> _TASK INSTRUCTIONS_: Skip the pictures, please, and write out exactly every line from the one containing "MC-PW12 - Microphone" through the end of the listing below.

> _COLLECTED MATERIAL_:
───
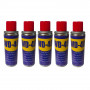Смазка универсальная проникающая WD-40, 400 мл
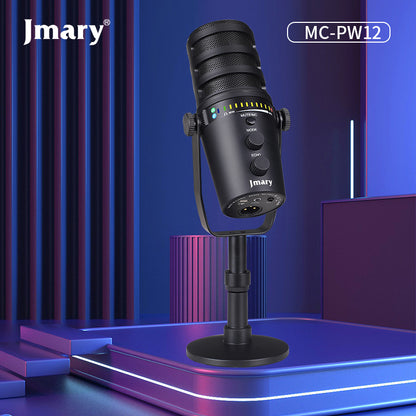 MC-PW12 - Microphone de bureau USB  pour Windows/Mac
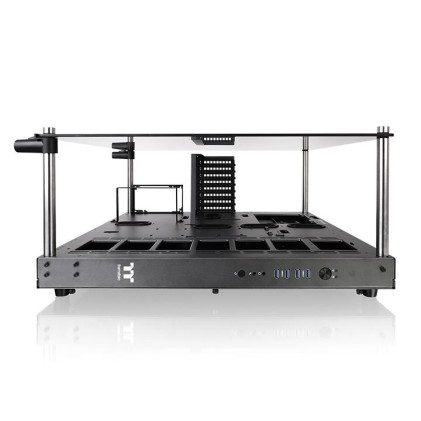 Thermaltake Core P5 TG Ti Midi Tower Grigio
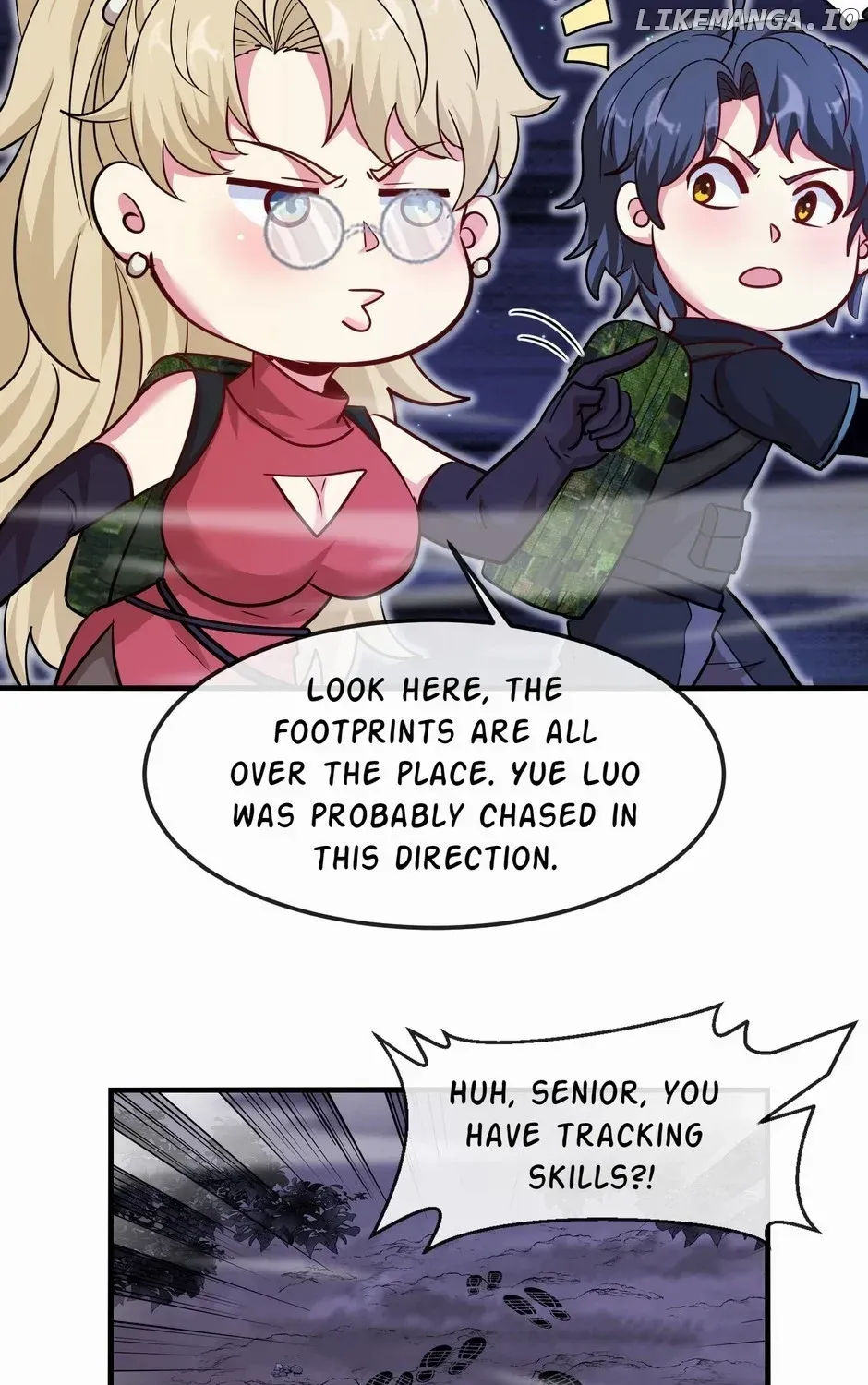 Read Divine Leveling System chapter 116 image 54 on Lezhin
───
> _RESULT OF THE EXERCISE_:
 MC-PW12 - Microphone de bureau USB  pour Windows/Mac
 Thermaltake Core P5 TG Ti Midi Tower Grigio
 Read Divine Leveling System chapter 116 image 54 on Lezhin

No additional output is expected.